Ofsted has reported a 9 per cent rise in the proportion of small private schools rated ‘good’ or ‘outstanding’, but one in ten remains inadequate.

Analysis published by the watchdog this morning shows that as of August, 75 per cent of so-called “non-association independent schools” received one of the two top grades at their most recent inspection, up from 69 per cent at the same time last year, a rise of 6 percentage points or almost 9 per cent.

Non-association independent schools are private schools that are not part of the Independent Schools Council (ISC) and therefore not inspected by the Independent Schools Inspectorate. Ofsted is responsible for inspecting these 1,037 schools, a lot of which are smaller faith or special schools.

Despite the recent rise in the proportion of ‘good’ or ‘outstanding’ non-association independent schools, Ofsted inists there is “still room for improvement”. Fifteen per cent remain at ‘requires improvement’, while 10 per cent are ‘inadequate’.

It follows an investigation by Schools Week which revealed that private schools remained open despite being warned that they aren’t meeting the standards.

The government only began publishing warning notices to private schools for the first time last February, more than two years after a campaign by this newspaper to make them public.

The latest data shows a fifth of non-association independent schools have also failed to comply with the independent school standards. Furthermore, of schools that received monitoring inspections last year after failing to meet the standards in the past, just 44 per cent met the standards.

Non-association independent faith schools continue to underperform compared with non-faith schools.
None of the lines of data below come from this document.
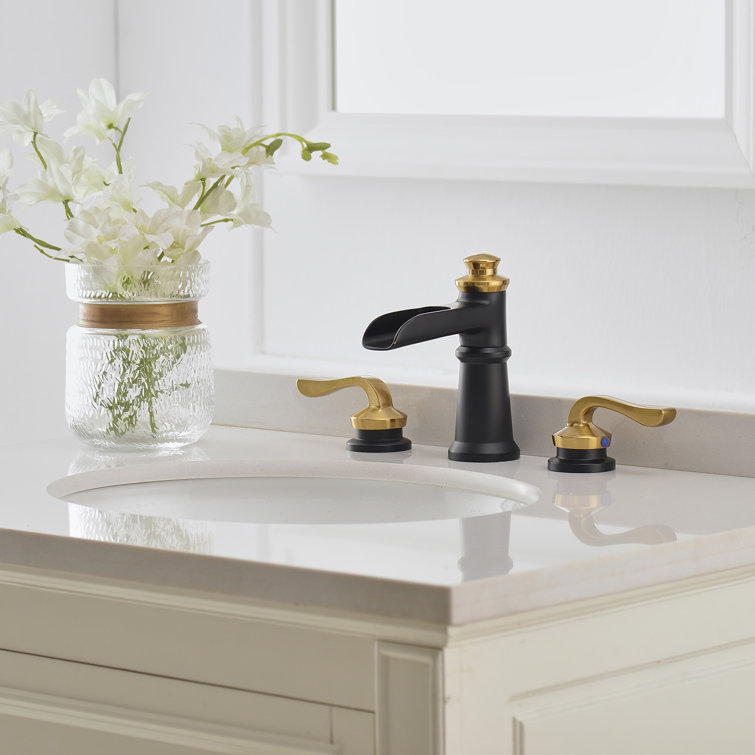 Matte Black Double Handle Widespread Waterfall Bathroom Faucet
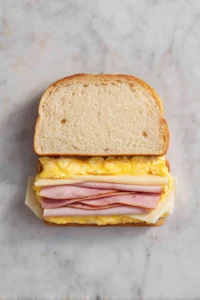 Assemble the sandwich with ham, turkey, and cheese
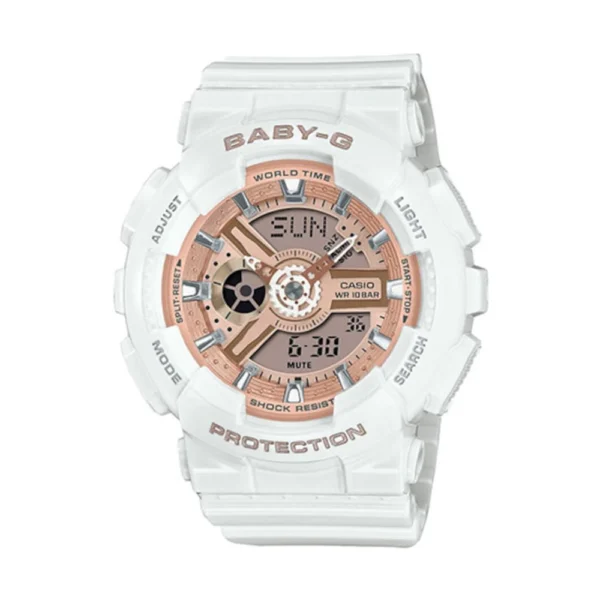 Casio Ψηφιακό Ανδρικό Ρολόι 46.3mm Μπαταρίας με Λευκό Καουτσούκ Λουράκι – BA-110X-7A1ER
Forty per cent of faith schools are rated ‘requires improvement’ or ‘inadequate’, compared with just 20 per cent of non-faith schools.

Jewish schools are the worst-performing group, with 34 per cent of the 59 inspected by Ofsted rated ‘inadequate’ and 27 per cent rated ‘requires improvement’. Just 3 per cent are ‘outstanding’.

Among Muslim schools, 8 per cent are ‘outstanding’, 53 per cent are ‘good’, 20 per cent are ‘requires improvement’ and 19 per cent are ‘inadequate’.

Twelve per cent of Christian schools are ‘outstanding’ and 64 per cent are ‘good’.

Private special schools continue to perform better than mainstream private schools. Eighty-three per cent of special schools inspected as of August were ‘good’ or ‘outstanding’, compared with 67 per cent of other non-association independent schools.